Dans le premier cas, le patient présente en effet un excès d'adiposité mais sans symptôme, sans dysfonctionnement des organes et sans limitation dans ses activités quotidiennes -mais avec un risque accru pour la santé. Dans le second, l'obésité engendre bel et bien une réduction des capacités à mener ses activités quotidiennes, des symptômes et des dysfonctionnements des organes.
"L'obésité est toujours définie comme un excès d'adiposité, ça ne change pas", pointe pour BFMTV.com Jacques Delarue, professeur de nutrition à l'université de Brest et responsable du département de nutrition du CHRU de Brest. "Ce qui est proposé par la commission, c'est de différencier l'obésité préclinique de l'obésité clinique. On peut faire le parallèle avec le diabète et le prédiabète."
"L'obésité reste une maladie"
Ce qui inquiète Anne-Sophie Joly, fondatrice du Collectif national des associations d'obèses (CNAO), ne l'entend pas ainsi. Elle juge ces experts déconnectés d'une "réalité de terrain" vécue par les patients obèses. "C'est contre-productif sur le message de santé publique", dénonce-t-elle.
Des inquiétudes que Jacques Delarue, également président de la Société française de nutrition, comprend. "En France, l'obésité ne fait pas partie des pathologies qualifiées d'affection longue durée, c'est un vrai sujet pour les patients en situation d'obésité."
"L'obésité reste une maladie", assure François Pattou, également directeur du laboratoire de recherche translationnelle sur le diabète qui associe l'Université de Lille, l'Inserm, le CHU et l'Institut Pasteur de Lille.
"Mais on différencie deux stades: l'obésité préclinique qui ne nécessite pas les mêmes traitements que l'obésité clinique."
L'obésité clinique est alors définie comme "une maladie chronique, systémique, liée à un excès d'adiposité dans de nombreux organes et tissus dont les fonctions sont altérées", détaille l'Académie nationale de médecine en réaction à la publication de la commission.
"On confond encore facteurs de risque et maladie", poursuit Karine Clément. "Oui l'obésité peut être une maladie mais on peut tout à fait avoir un excès de masse grasse, ce qui est en effet un facteur de risque, sans que cela n'en soit pour autant au stade de la maladie."
Faire évoluer la prise en charge
Pour les chercheurs, il est donc impératif d'adopter une nouvelle approche diagnostique de l'obésité. Concrètement, ils estiment qu'il ne faut plus se fier uniquement à l'IMC qui ne reflète ni l'éventuel excès de graisse, ni l'état de santé général.

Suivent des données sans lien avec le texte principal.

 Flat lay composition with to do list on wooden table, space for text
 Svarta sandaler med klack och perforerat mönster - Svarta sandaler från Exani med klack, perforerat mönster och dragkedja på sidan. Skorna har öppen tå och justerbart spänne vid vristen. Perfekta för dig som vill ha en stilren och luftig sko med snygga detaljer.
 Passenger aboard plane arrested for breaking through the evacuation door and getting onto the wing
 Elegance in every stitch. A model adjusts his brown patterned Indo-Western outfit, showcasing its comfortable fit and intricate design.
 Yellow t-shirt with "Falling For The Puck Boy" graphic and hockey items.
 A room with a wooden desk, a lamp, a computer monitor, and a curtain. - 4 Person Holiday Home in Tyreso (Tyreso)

Les experts conseillent ainsi de prendre en compte d'autres mesures, comme le tour de taille, le rapport tour de taille/hanches ou encore le rapport tour de taille/taille. "On peut aussi avoir recours à une balance impédancemètre qui permet de mesurer la composition corporelle, masse musculaire, masse graisseuse", ajoute Karine Clément, également présidente de l'Association française d'étude et de recherche sur l'obésité.

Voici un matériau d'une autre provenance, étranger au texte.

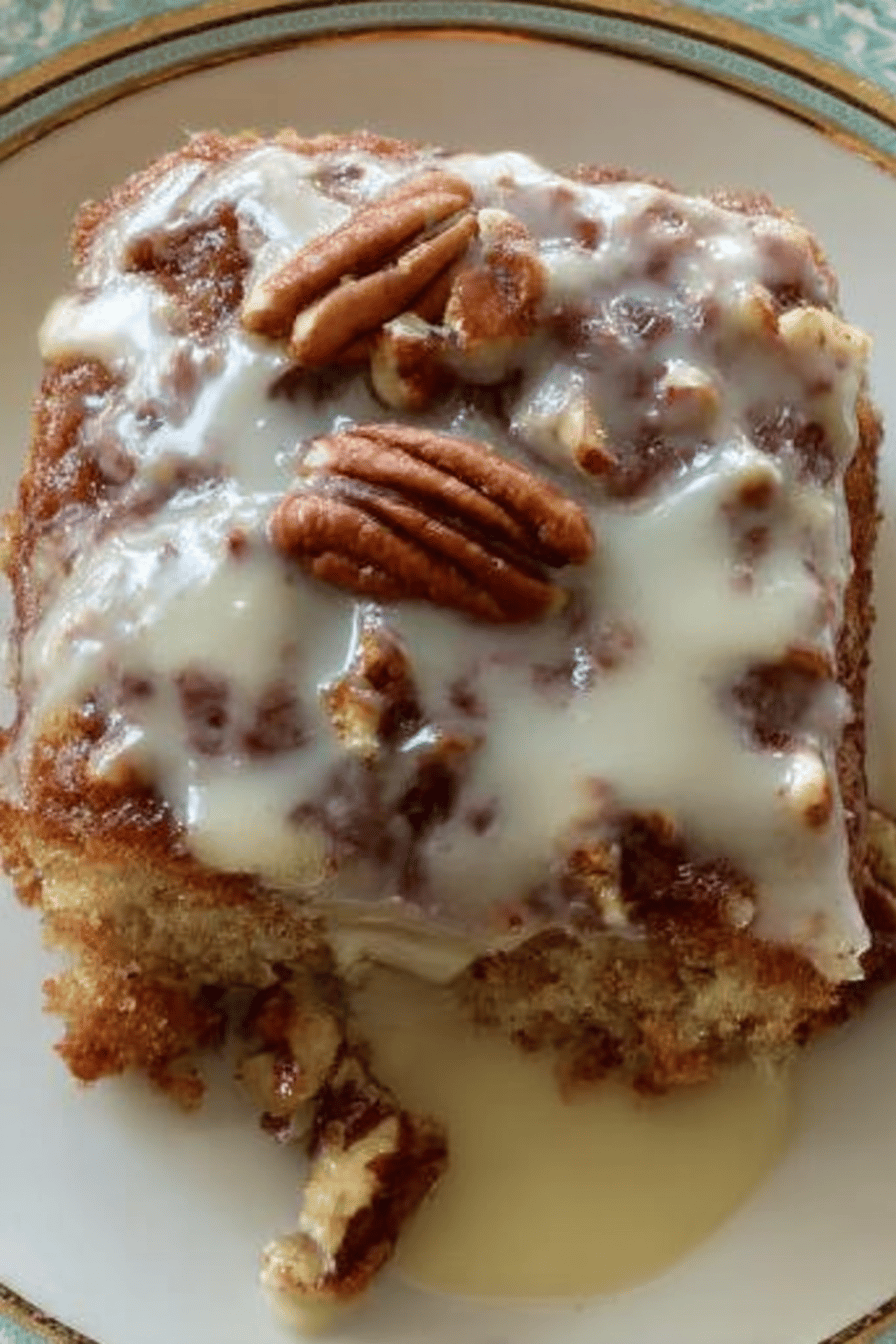 Butter Pecan Praline Poke Cake Recipe slice on plate showing perfect texture and swirl pattern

En clair, en ce qui concerne le tour de taille, il est jugé trop élevé s'il est supérieur ou égal à 80 cm pour une femme, 94 cm pour un homme, précise l'Assurance maladie.
Si Jacques Delarue salue le travail des experts, il pointe cependant certaines limites. "Certaines méthodes pour mesurer l'excès de masse adipeuse ne sont pas disponibles dans les cabinets des médecins généralistes. Quant aux autres mesures, encore faudrait-il que des seuils par âge, sexe et ethnicité soient fixés."

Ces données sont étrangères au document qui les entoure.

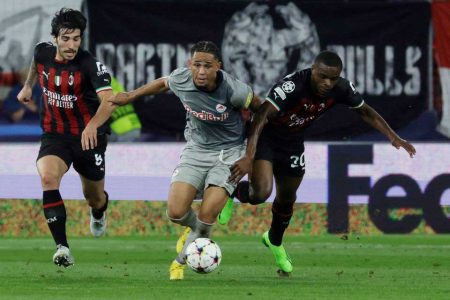 Noah Okafor in action with AC Milan’s Pierre Kalulu and Sandro Tonali REUTERS/Leonhard Foeger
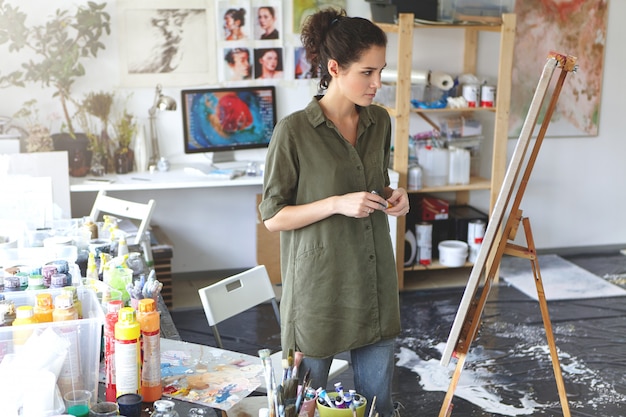 Free photo art and inspiration. indoor shot of hesitant young female artist wearing jeans and khaki shirt standing in spacious workshop interior in front of easel, evaluating painting that she just finished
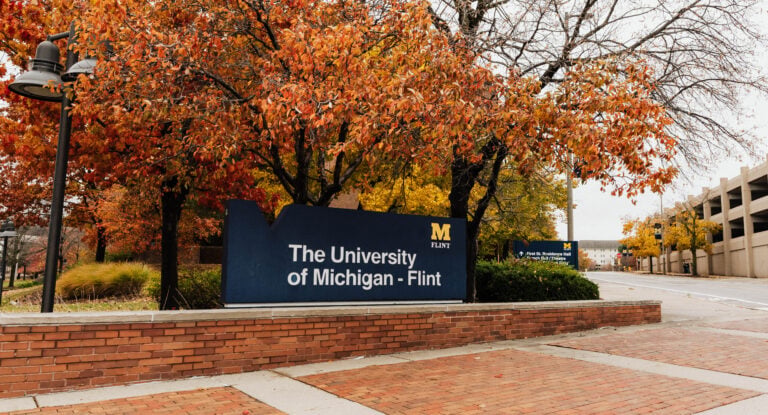 Sign for the University of Michigan-Flint, surrounded by autumn foliage, with a brick pathway in the foreground.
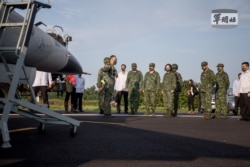 President Tsai Ing-wen attends a Taiwanese Air Force fighter jets take-off and landing drill, as part of the annual Han Kuang drill, in Pingtung, Taiwan, 15 September 2021. (TAIWAN MILITARY NEWS AGENCY/Handout via REUTERS)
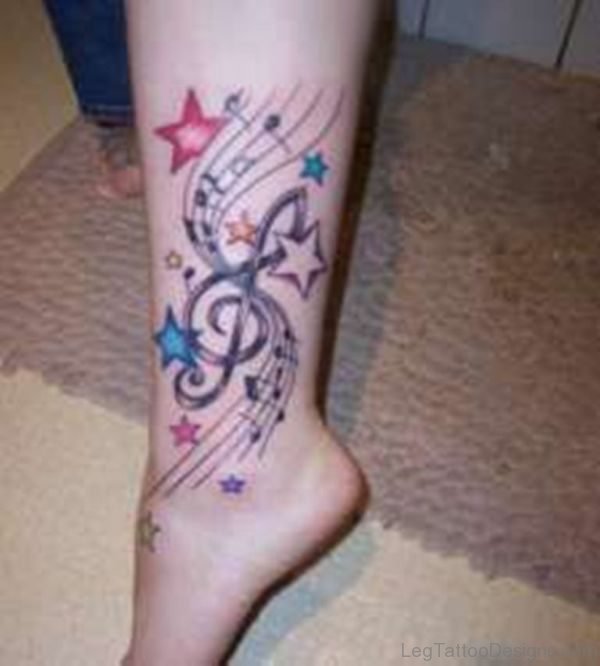 Music Note And Star Tattoo On Leg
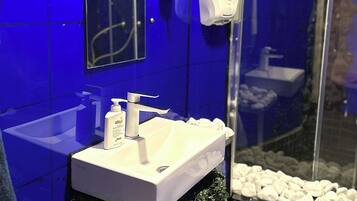 Une salle de bain avec un lavabo blanc, un miroir et un distributeur de gel hydroalcoolique.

Mais ce médecin reconnaît que ces nouvelles recommandations vont "pousser à faire évoluer nos pratiques". D'ailleurs, l'objectif de la commission, estime Karine Clément, en plus des enjeux de formation médicale, "c'est aussi de faire évoluer la prise de conscience et la prise en charge de la maladie".
Selon la dernière étude de Santé publique France qui définit l'obésité par un IMC supérieur ou égal à 30, quelque 17% des Français et des Françaises sont en situation d'obésité. Avec la nouvelle définition proposée, selon François Pattou, par ailleurs président de la Société française et francophone de chirurgie de l'obésité et des maladies métaboliques, "c'est 10% de la population française qui est concernée par l'obésité clinique". "On peut imaginer que moins de malades, c'est une meilleure prise en charge."